**What is expected:** Write each line out a second time, exactly as shown below.

*****

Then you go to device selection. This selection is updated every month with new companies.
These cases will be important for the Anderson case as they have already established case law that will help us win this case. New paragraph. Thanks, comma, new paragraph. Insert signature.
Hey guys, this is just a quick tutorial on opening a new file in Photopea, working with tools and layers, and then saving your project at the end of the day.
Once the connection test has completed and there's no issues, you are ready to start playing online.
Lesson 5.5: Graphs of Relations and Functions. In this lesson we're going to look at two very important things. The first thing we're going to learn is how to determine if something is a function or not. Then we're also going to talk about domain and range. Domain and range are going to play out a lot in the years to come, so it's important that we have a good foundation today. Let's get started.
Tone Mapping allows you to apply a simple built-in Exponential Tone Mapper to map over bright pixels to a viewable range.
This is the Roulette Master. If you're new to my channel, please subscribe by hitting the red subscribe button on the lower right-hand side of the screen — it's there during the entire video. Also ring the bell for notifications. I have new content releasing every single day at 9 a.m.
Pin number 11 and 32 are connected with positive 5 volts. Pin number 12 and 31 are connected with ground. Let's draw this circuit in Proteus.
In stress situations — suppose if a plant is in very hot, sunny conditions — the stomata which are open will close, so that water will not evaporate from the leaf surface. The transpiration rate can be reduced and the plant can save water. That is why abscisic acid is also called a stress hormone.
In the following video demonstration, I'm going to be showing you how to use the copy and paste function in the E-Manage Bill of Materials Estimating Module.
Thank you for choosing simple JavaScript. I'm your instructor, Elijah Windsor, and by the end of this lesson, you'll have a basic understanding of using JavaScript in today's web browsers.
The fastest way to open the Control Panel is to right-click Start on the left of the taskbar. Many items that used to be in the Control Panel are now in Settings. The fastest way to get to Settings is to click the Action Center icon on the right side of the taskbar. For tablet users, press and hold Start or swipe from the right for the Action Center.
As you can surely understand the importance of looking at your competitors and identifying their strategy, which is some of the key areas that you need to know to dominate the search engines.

*****

**Answer for this exercise:**
Then you go to device selection. This selection is updated every month with new companies.
These cases will be important for the Anderson case as they have already established case law that will help us win this case. New paragraph. Thanks, comma, new paragraph. Insert signature.
Hey guys, this is just a quick tutorial on opening a new file in Photopea, working with tools and layers, and then saving your project at the end of the day.
Once the connection test has completed and there's no issues, you are ready to start playing online.
Lesson 5.5: Graphs of Relations and Functions. In this lesson we're going to look at two very important things. The first thing we're going to learn is how to determine if something is a function or not. Then we're also going to talk about domain and range. Domain and range are going to play out a lot in the years to come, so it's important that we have a good foundation today. Let's get started.
Tone Mapping allows you to apply a simple built-in Exponential Tone Mapper to map over bright pixels to a viewable range.
This is the Roulette Master. If you're new to my channel, please subscribe by hitting the red subscribe button on the lower right-hand side of the screen — it's there during the entire video. Also ring the bell for notifications. I have new content releasing every single day at 9 a.m.
Pin number 11 and 32 are connected with positive 5 volts. Pin number 12 and 31 are connected with ground. Let's draw this circuit in Proteus.
In stress situations — suppose if a plant is in very hot, sunny conditions — the stomata which are open will close, so that water will not evaporate from the leaf surface. The transpiration rate can be reduced and the plant can save water. That is why abscisic acid is also called a stress hormone.
In the following video demonstration, I'm going to be showing you how to use the copy and paste function in the E-Manage Bill of Materials Estimating Module.
Thank you for choosing simple JavaScript. I'm your instructor, Elijah Windsor, and by the end of this lesson, you'll have a basic understanding of using JavaScript in today's web browsers.
The fastest way to open the Control Panel is to right-click Start on the left of the taskbar. Many items that used to be in the Control Panel are now in Settings. The fastest way to get to Settings is to click the Action Center icon on the right side of the taskbar. For tablet users, press and hold Start or swipe from the right for the Action Center.
As you can surely understand the importance of looking at your competitors and identifying their strategy, which is some of the key areas that you need to know to dominate the search engines.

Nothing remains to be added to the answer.